- Directed by: Henry Koster
- Screenplay by: Leo Townsend
- Based on: Fräulein 1956 novel by James McGovern
- Produced by: Walter Reisch
- Starring: Dana Wynter Mel Ferrer Dolores Michaels
- Cinematography: Leo Tover
- Edited by: Marjorie Fowler
- Music by: Daniele Amfitheatrof
- Color process: DeLuxe Color
- Distributed by: 20th Century Fox
- Release date: June 8, 1958;
- Running time: 95 minutes
- Country: United States
- Language: English
- Budget: $1.4 million

= Fräulein (1958 film) =

1958 film by Henry Koster

Fräulein is a 1958 American romantic drama war film directed by Henry Koster starring Dana Wynter and Mel Ferrer as two people caught up in World War II and the aftermath. It was also released as Fraulein in CinemaScope.

==Plot==
In Cologne near the end of World War II, American prisoner of war Foster MacLain (Mel Ferrer) escapes and is sheltered by Professor Julius Angermann (Ivan Triesault).

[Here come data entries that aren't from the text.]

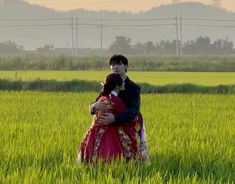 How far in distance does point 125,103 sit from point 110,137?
29 centimetres

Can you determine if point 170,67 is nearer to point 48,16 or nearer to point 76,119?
point 76,119

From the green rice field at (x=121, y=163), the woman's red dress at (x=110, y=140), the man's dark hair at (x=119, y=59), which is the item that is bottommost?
the green rice field at (x=121, y=163)

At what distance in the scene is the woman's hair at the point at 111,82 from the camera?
4.26m

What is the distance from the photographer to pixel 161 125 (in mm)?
6941

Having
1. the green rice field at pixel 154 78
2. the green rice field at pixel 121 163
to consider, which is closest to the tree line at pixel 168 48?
the green rice field at pixel 154 78

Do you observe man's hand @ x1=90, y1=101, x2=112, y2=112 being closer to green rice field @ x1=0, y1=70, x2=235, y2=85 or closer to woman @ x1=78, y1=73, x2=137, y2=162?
woman @ x1=78, y1=73, x2=137, y2=162

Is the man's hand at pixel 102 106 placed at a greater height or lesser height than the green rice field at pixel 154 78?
greater

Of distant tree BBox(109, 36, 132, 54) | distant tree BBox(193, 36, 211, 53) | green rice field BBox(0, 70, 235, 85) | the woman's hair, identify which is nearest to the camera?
the woman's hair

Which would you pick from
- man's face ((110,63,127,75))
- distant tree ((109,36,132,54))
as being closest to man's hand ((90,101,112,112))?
man's face ((110,63,127,75))

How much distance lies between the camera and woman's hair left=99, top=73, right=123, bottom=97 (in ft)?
14.0

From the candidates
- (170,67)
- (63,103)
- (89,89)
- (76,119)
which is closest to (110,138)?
(76,119)

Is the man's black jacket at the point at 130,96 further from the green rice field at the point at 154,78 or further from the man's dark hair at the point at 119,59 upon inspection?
the green rice field at the point at 154,78

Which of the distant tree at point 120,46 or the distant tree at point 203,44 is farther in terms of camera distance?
the distant tree at point 203,44

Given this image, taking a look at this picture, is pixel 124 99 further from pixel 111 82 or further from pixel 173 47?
pixel 173 47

Angermann's daughter Erika (Dana Wynter) is not so welcoming, but hides the American from the German soldiers looking for him. MacLain leaves when it is safe.

Not long afterwards, a bomb strikes the house, killing the professor. Erika goes to live in Berlin with her cousin Karl (Herbert Berghof). Karl has lodgers, Fritz and Berta Graubach (Luis van Rooten and Blandine Ebinger), who are outspoken supporters of the Nazi cause. When the Russians capture the city, Erika hides in the attic for fear of being raped. However, Berta betrays Erika's existence in order to save herself, and a drunken corporal starts up the stairs. Karl is killed trying to stop him. The Russian chases Erika out on the roof, but slips and falls to his death, and Erika is charged with his murder.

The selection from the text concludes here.